THE INPUT Start Marker

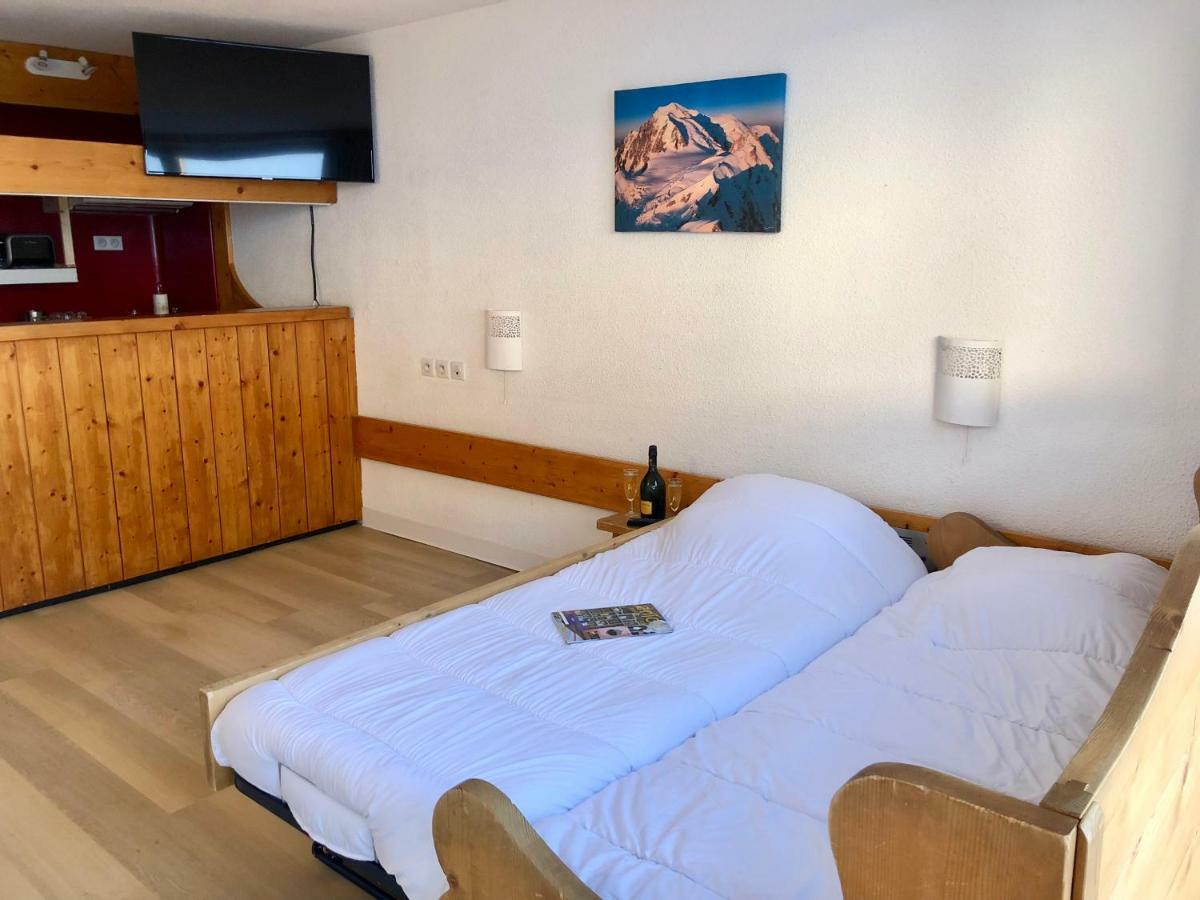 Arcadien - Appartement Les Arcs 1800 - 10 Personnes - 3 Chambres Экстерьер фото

THE INPUT End Marker
THE INPUT Start Marker

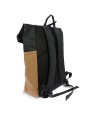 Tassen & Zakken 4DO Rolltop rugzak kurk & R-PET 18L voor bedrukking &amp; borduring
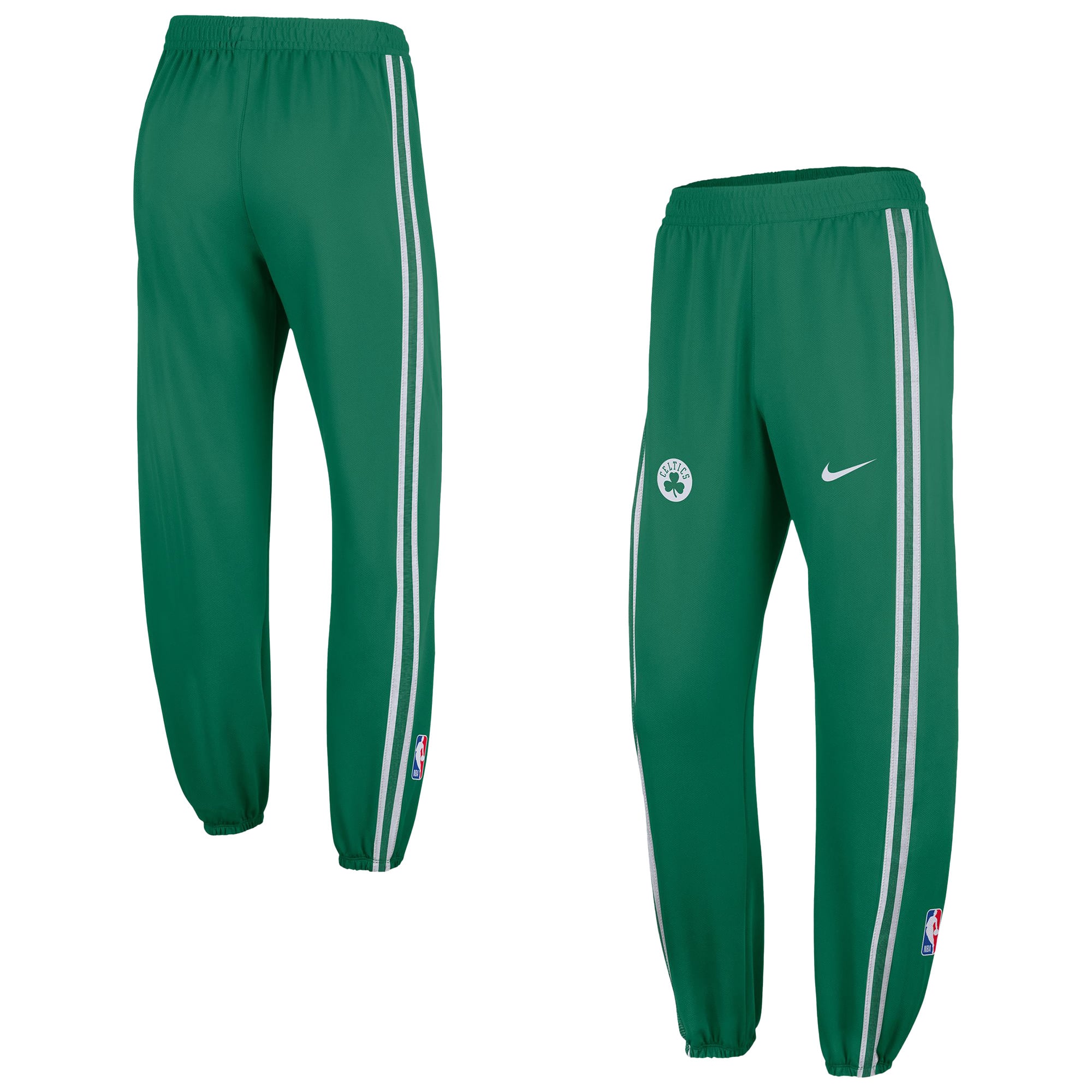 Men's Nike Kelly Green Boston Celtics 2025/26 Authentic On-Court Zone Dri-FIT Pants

THE INPUT End Marker

◆ **EXERCISE INSTRUCTIONS**:
Copy out the lines above from the line containing "Tassen & Zakken" through the line containing "Men's Nike Kelly", exactly, and keep the pictures out.

◆ **PROBLEM SOLUTION**:
 Tassen & Zakken 4DO Rolltop rugzak kurk & R-PET 18L voor bedrukking &amp; borduring
 Men's Nike Kelly Green Boston Celtics 2025/26 Authentic On-Court Zone Dri-FIT Pants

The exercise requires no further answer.